[Opening Data supplied section]

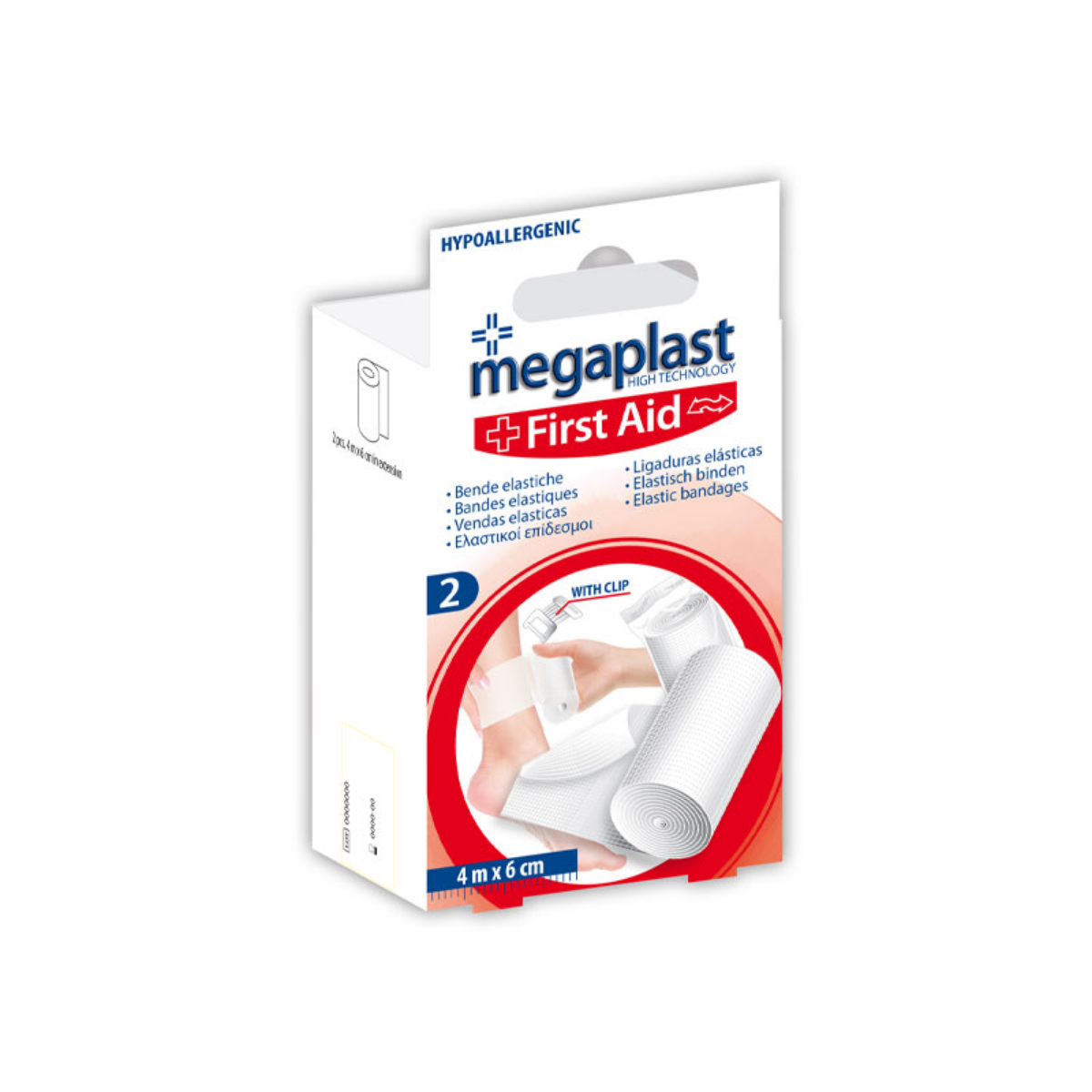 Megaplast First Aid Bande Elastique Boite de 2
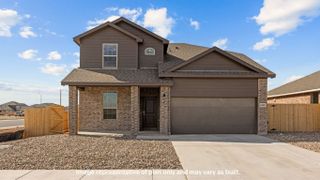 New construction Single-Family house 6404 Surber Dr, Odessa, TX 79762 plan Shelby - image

[Closing Data supplied section]
[Opening Data supplied section]

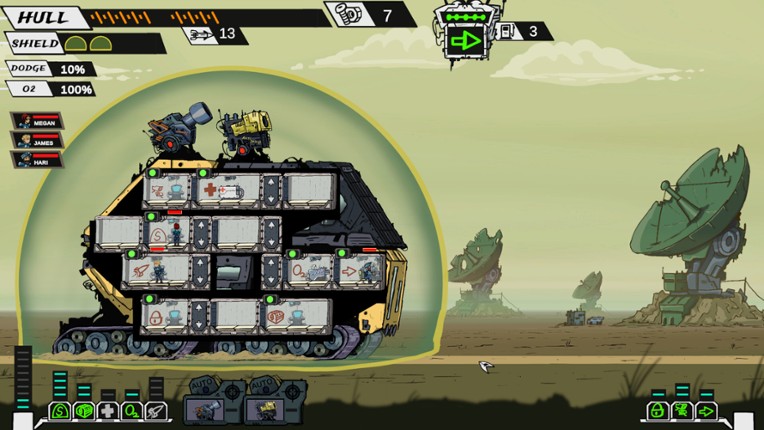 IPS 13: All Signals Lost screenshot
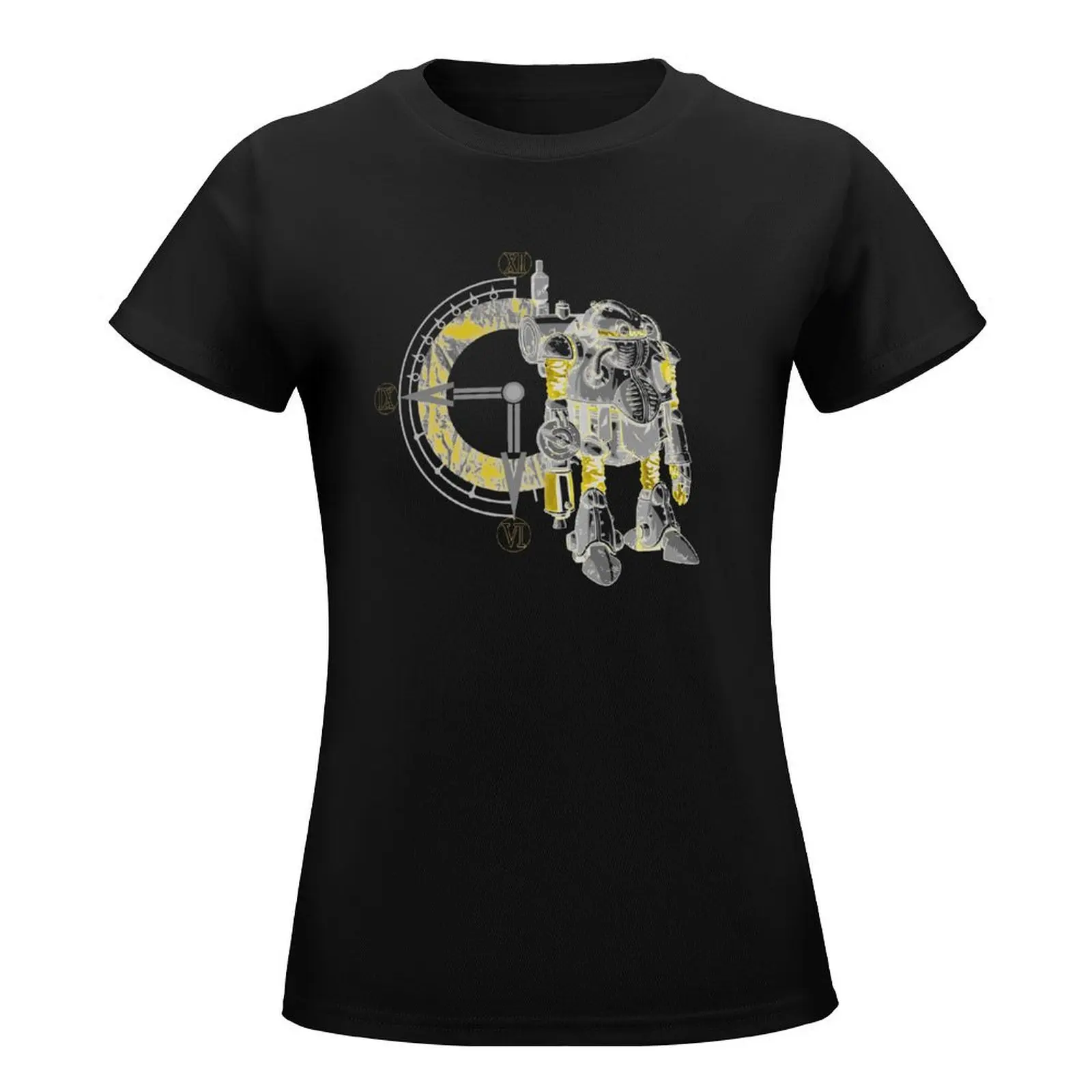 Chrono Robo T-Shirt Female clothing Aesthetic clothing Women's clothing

[Closing Data supplied section]

Work item:
In the data above, find the line containing "Megaplast First Aid" and the line containing "New construction Single-Family". Copy exactly the stretch from the first through the second, both included, leaving out any picture.

Task result:
 Megaplast First Aid Bande Elastique Boite de 2
 New construction Single-Family house 6404 Surber Dr, Odessa, TX 79762 plan Shelby - image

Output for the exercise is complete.